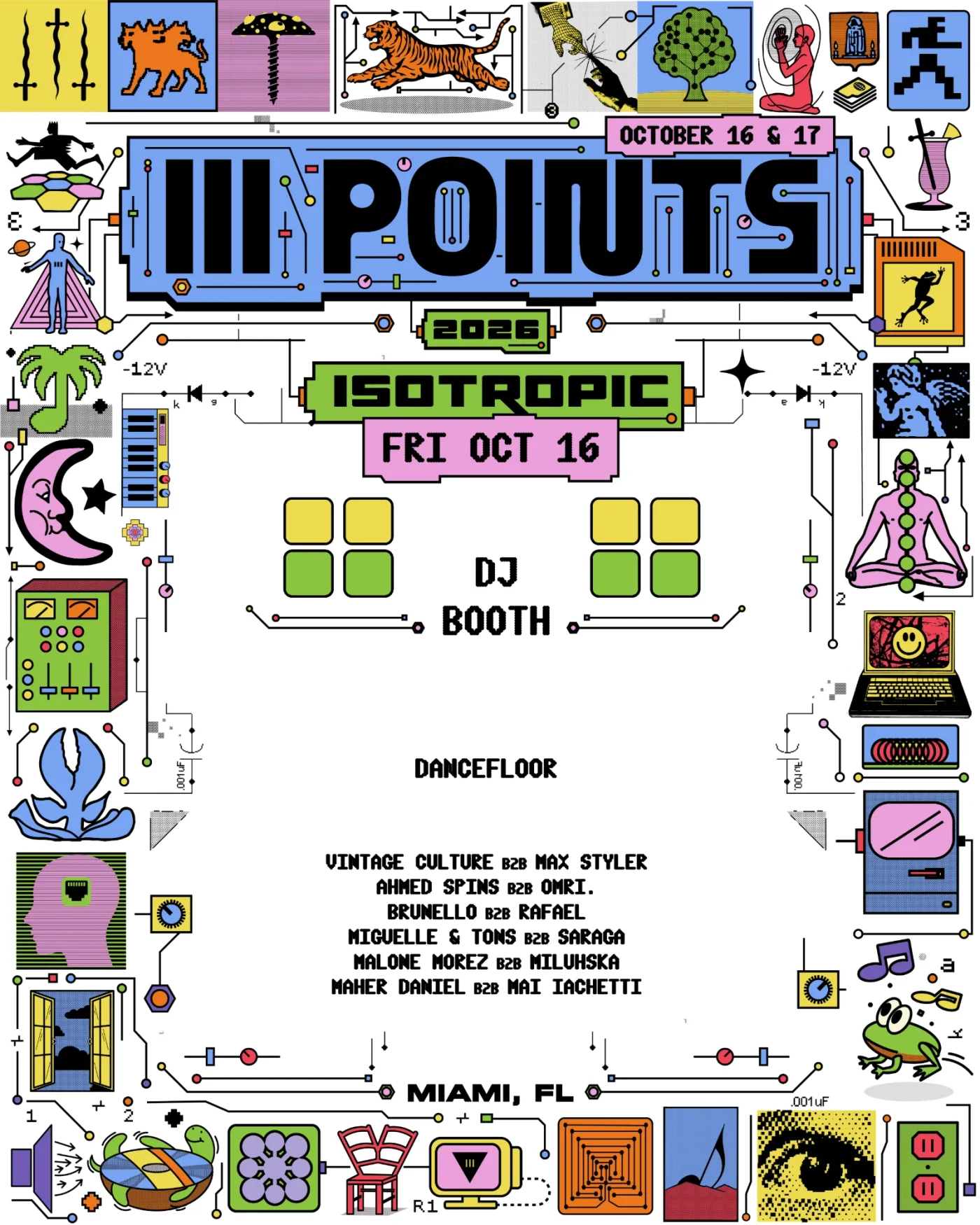Isotropic table map for Friday, OCT 16: stage, dancefloor, DJ booth and table sections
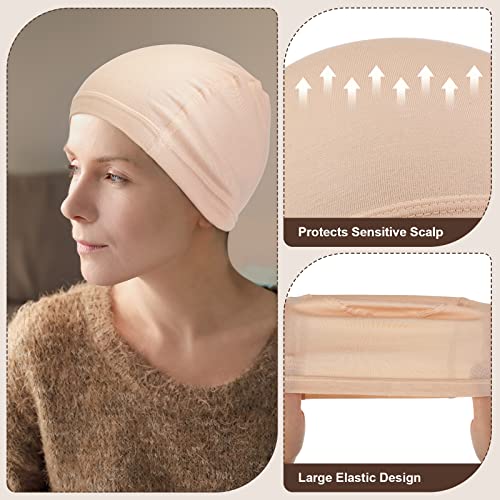 4 Pcs Bamboo Fiber Wig Cap Bamboo Wig Liner Cap for Women Hairloss Elastic Breathable Bald Cap Under Wigs (Beige)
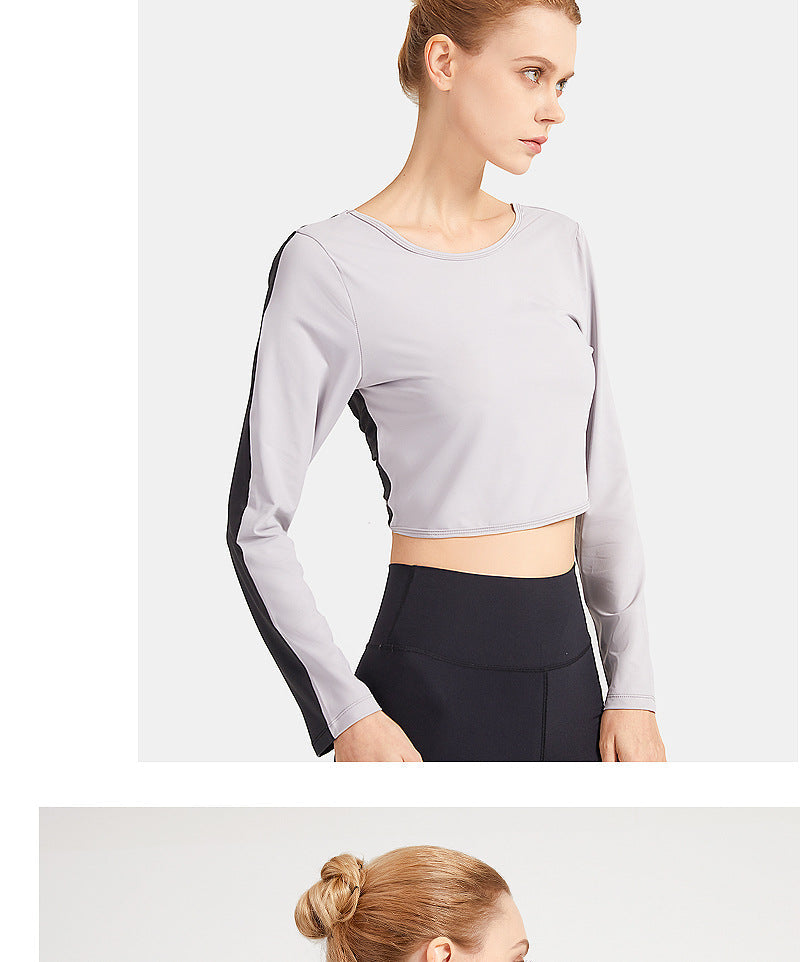 Double-Sided Wear Fitness Suit Long-Sleeved Women'S Yoga Suit Twist Breathable Body-Worn Body Movement Outdoor Exercise Running Top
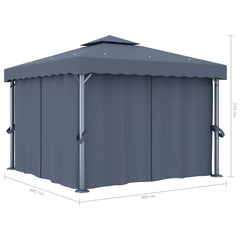 Gazebo with Curtain Aluminium Anthracite 3 x 3 m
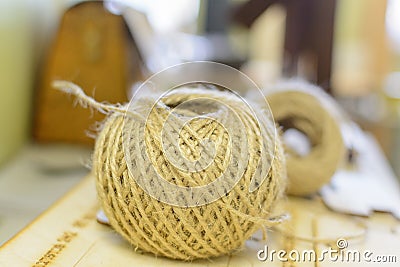 skein of twine rope, jute rope, industrial rope, craft fiber Stock Photo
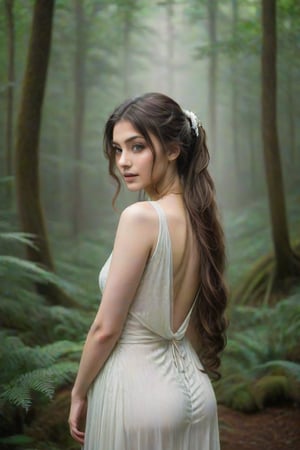 Ana María stands in front of a serene, misty forest, her long, ponytailed hair cascading down her back like a waterfall of silk. The soft, ethereal light filtering through the trees casts a gentle glow on her pale white skin, accentuating the subtle curves of her features. Her eyes gaze softly into the distance, as if lost in thought, amidst the tranquil atmosphere of the misty forest.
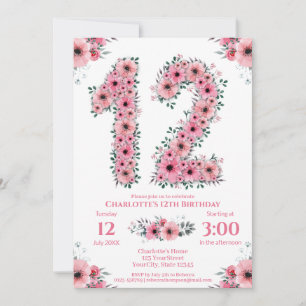 Big 12:e Birthday Grönt Foliage Girl Rosa Flowers Inbjudningar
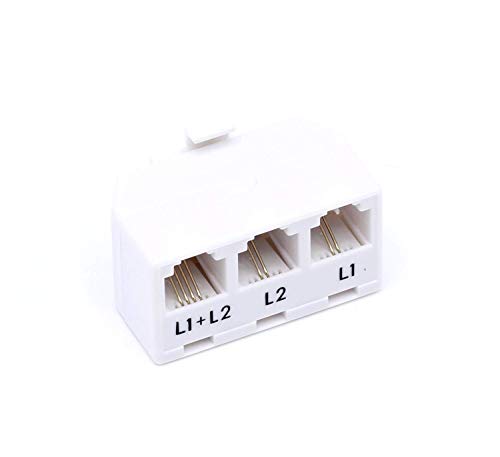 1 Pack, White - 2 Line Phone Splitter - 3 Way Telephone Line Splitter (Line 1, Line 2, and Twin Line) - Dual Line Telephone Splitter with RJ11 Keystone Jack - Phone Line Adapter - 1 Piece, White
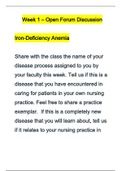 NR 507 Week 1 Open Forum Discussion: Iron-Deficiency Anemia/NR 507 Advanced Pathophysiology/WELL EXPLAINED DISCUSSION BEST STUDY GUIDE FOR EXAM SUMMER 2020 (JULY)
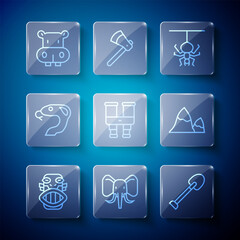 Set line Mexican mayan or aztec mask, Elephant, Shovel, Spider, Binoculars, Snake, Hippo Hippopotamus and Mountains icon. Vector
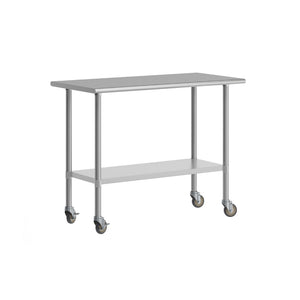 English Elm Rawcliffe Portable Work Table - NSF Certified Stainless Steel Surface, Heavy-Duty Casters & Storage NH-WT-2448-CAS-GG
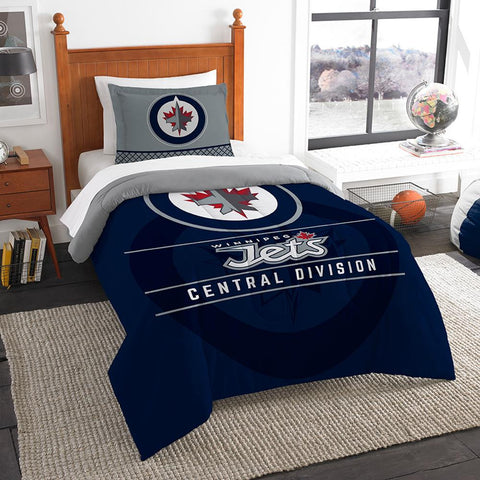 Winnipeg Jets Nhl Twin Comforter Set (draft Series) (64" X 86")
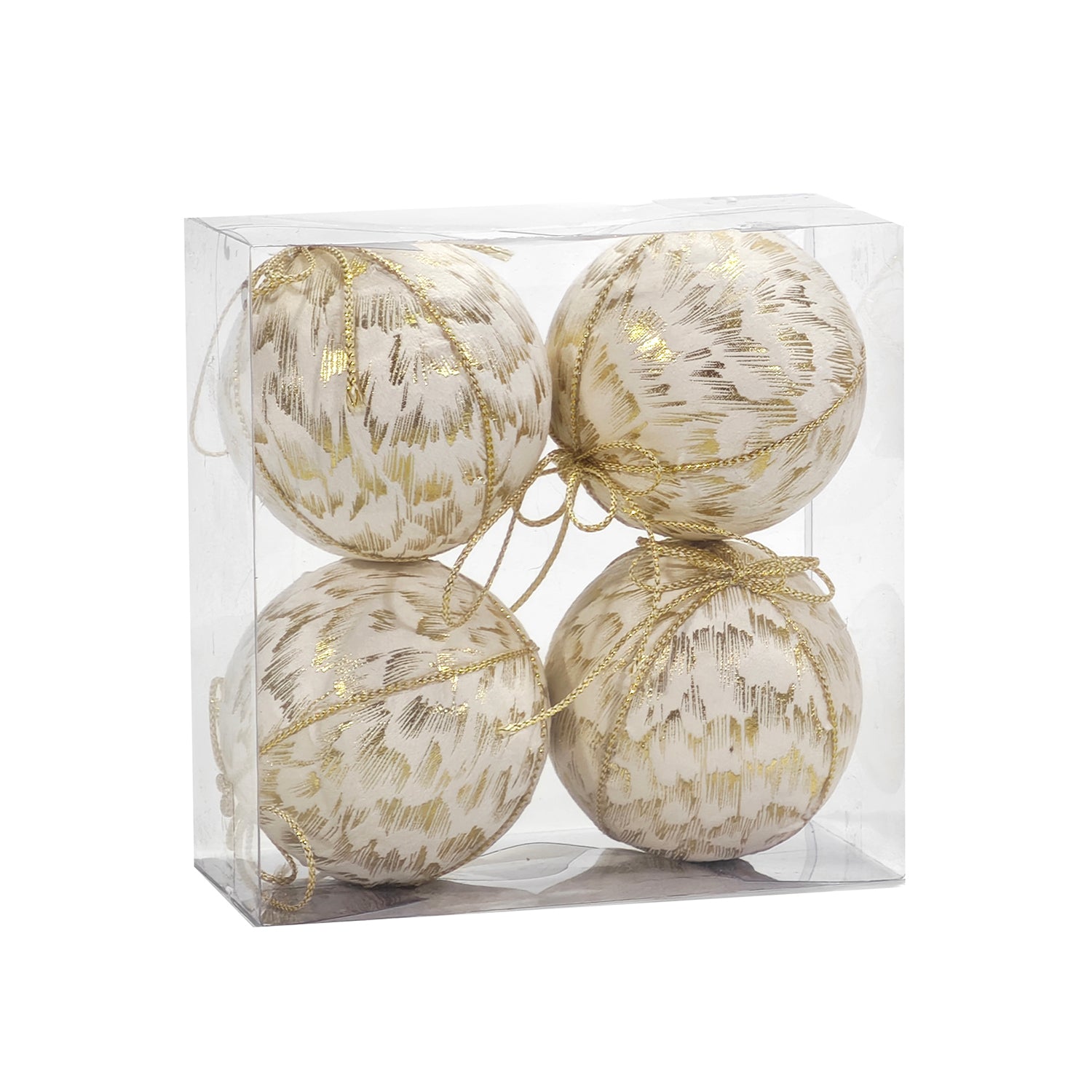 VESTIAMO CASA GRAN NATALE - Palle di Natale Bianco e Champagne diametro 10 cm - set 4 pezzi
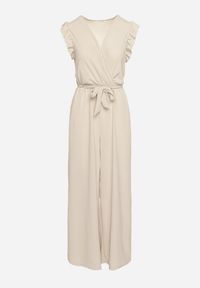 Born2be - Beżowy Taliowany Kombinezon Koktajlowy z Paskiem w Talii i Falbanami przy Ramionach Vimarine. Okazja: na imprezę. Kolor: beżowy. Materiał: jeans. Styl: wizytowy #7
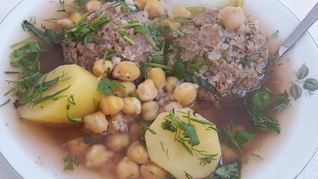 Кюфта бозбаш по-азербайджански суп с рисом и мясом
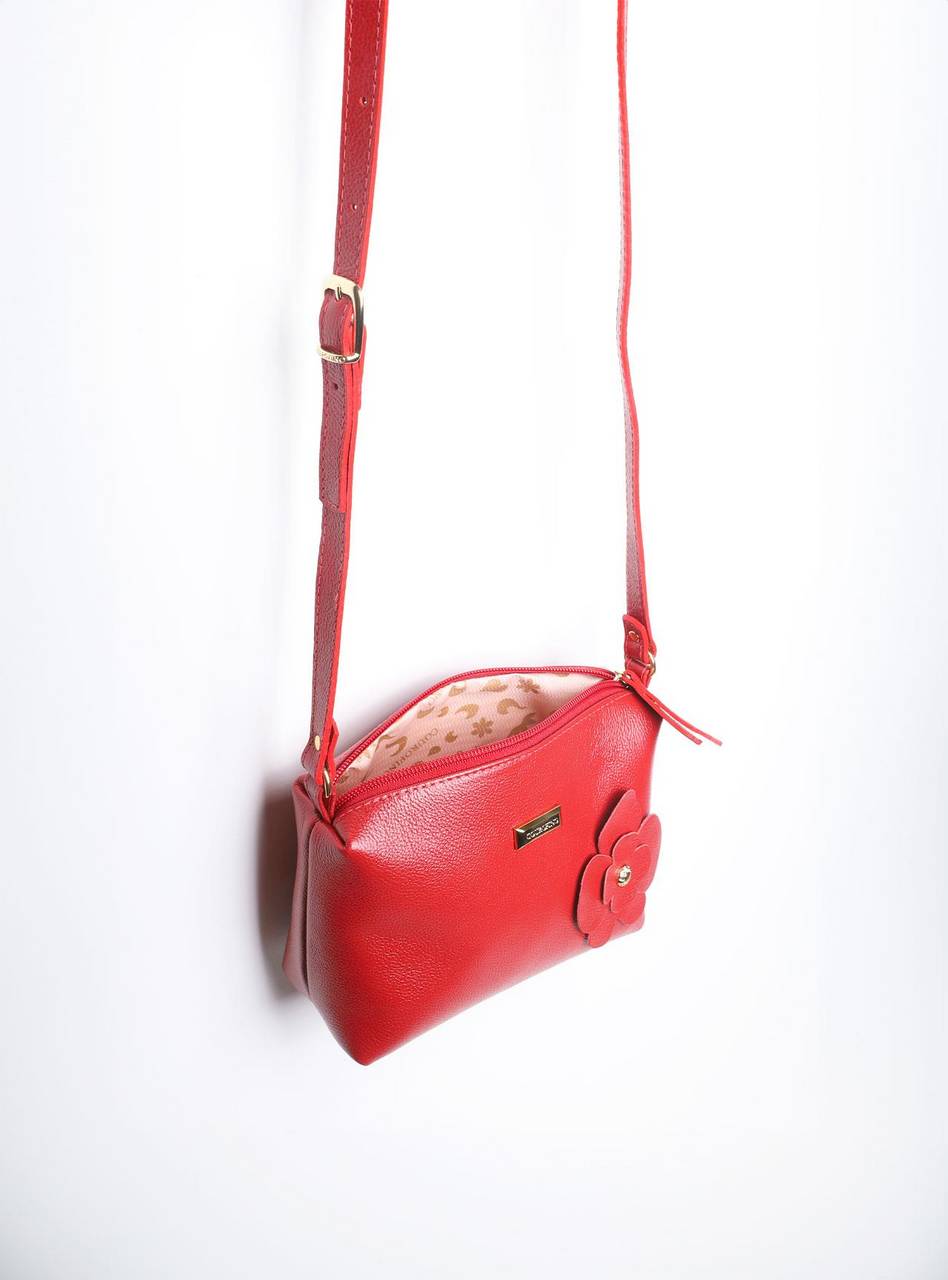 Bolsa Clutch Pequena Couro Transversal Vermelha BSI-5863 - VE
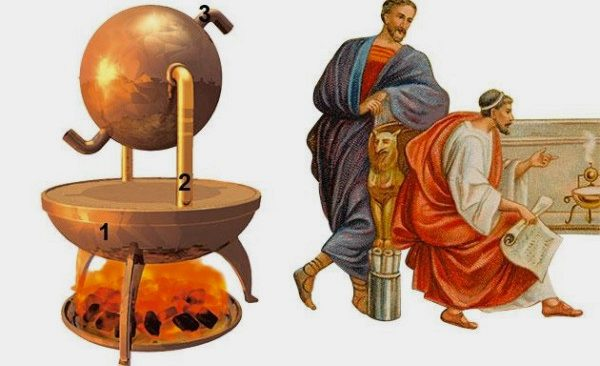 Hơi nước từ bình chứa nước được đun sôi phía dưới sẽ đi lên theo hai ống trục để tiến vào quả cầu và thoát ra ngoài qua hai ống phun đặt đối diện. Lực phun hơi sẽ tạo ra momen giúp quả cầu quay xung quanh trục của nó.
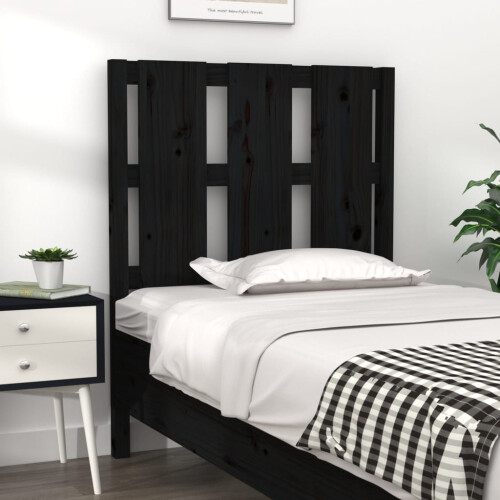 Berkfield Bed Headboard Black 80.5x4x100 cm Solid Wood Pine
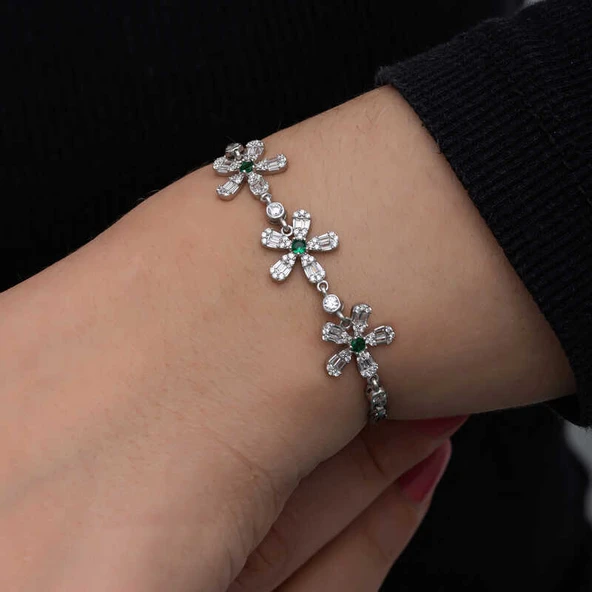 925 Ayar Gümüş Baget Çiçek Desenli Kadın Bileklik T8567 (599599) - Resim 4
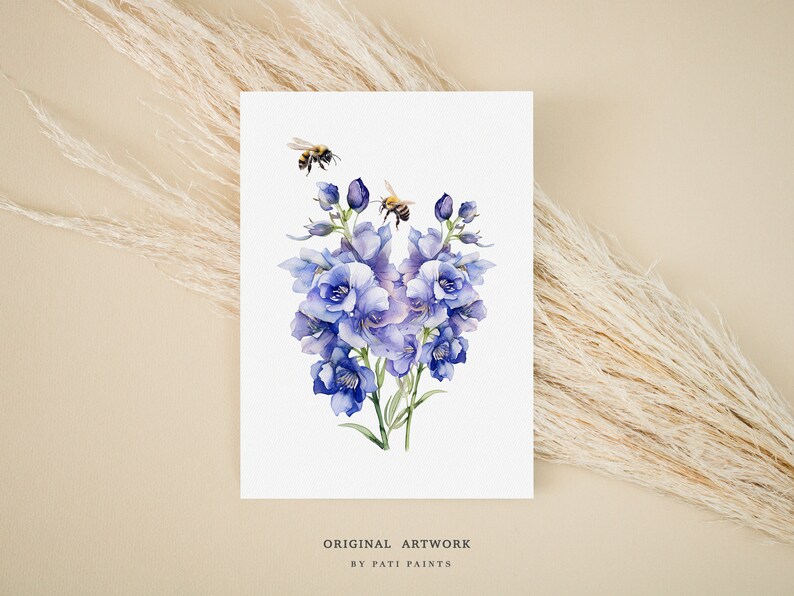 Watercolor Floral Delphinium Clipart Flower PNG Purple Blue Floral ...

TASK TO CARRY OUT: Repeat the listing above word for word. Do not include the pictures.

ANSWER TO THIS PROBLEM:
Isotropic table map for Friday, OCT 16: stage, dancefloor, DJ booth and table sections
 4 Pcs Bamboo Fiber Wig Cap Bamboo Wig Liner Cap for Women Hairloss Elastic Breathable Bald Cap Under Wigs (Beige)
 Double-Sided Wear Fitness Suit Long-Sleeved Women'S Yoga Suit Twist Breathable Body-Worn Body Movement Outdoor Exercise Running Top
 Gazebo with Curtain Aluminium Anthracite 3 x 3 m
 skein of twine rope, jute rope, industrial rope, craft fiber Stock Photo
 Ana María stands in front of a serene, misty forest, her long, ponytailed hair cascading down her back like a waterfall of silk. The soft, ethereal light filtering through the trees casts a gentle glow on her pale white skin, accentuating the subtle curves of her features. Her eyes gaze softly into the distance, as if lost in thought, amidst the tranquil atmosphere of the misty forest.
 Big 12:e Birthday Grönt Foliage Girl Rosa Flowers Inbjudningar
 1 Pack, White - 2 Line Phone Splitter - 3 Way Telephone Line Splitter (Line 1, Line 2, and Twin Line) - Dual Line Telephone Splitter with RJ11 Keystone Jack - Phone Line Adapter - 1 Piece, White
 NR 507 Week 1 Open Forum Discussion: Iron-Deficiency Anemia/NR 507 Advanced Pathophysiology/WELL EXPLAINED DISCUSSION BEST STUDY GUIDE FOR EXAM SUMMER 2020 (JULY)
 Set line Mexican mayan or aztec mask, Elephant, Shovel, Spider, Binoculars, Snake, Hippo Hippopotamus and Mountains icon. Vector
 English Elm Rawcliffe Portable Work Table - NSF Certified Stainless Steel Surface, Heavy-Duty Casters & Storage NH-WT-2448-CAS-GG
 Winnipeg Jets Nhl Twin Comforter Set (draft Series) (64" X 86")
 VESTIAMO CASA GRAN NATALE - Palle di Natale Bianco e Champagne diametro 10 cm - set 4 pezzi
 Born2be - Beżowy Taliowany Kombinezon Koktajlowy z Paskiem w Talii i Falbanami przy Ramionach Vimarine. Okazja: na imprezę. Kolor: beżowy. Materiał: jeans. Styl: wizytowy #7
 Кюфта бозбаш по-азербайджански суп с рисом и мясом
 Bolsa Clutch Pequena Couro Transversal Vermelha BSI-5863 - VE
 Hơi nước từ bình chứa nước được đun sôi phía dưới sẽ đi lên theo hai ống trục để tiến vào quả cầu và thoát ra ngoài qua hai ống phun đặt đối diện. Lực phun hơi sẽ tạo ra momen giúp quả cầu quay xung quanh trục của nó.
 Berkfield Bed Headboard Black 80.5x4x100 cm Solid Wood Pine
 925 Ayar Gümüş Baget Çiçek Desenli Kadın Bileklik T8567 (599599) - Resim 4
 Watercolor Floral Delphinium Clipart Flower PNG Purple Blue Floral ...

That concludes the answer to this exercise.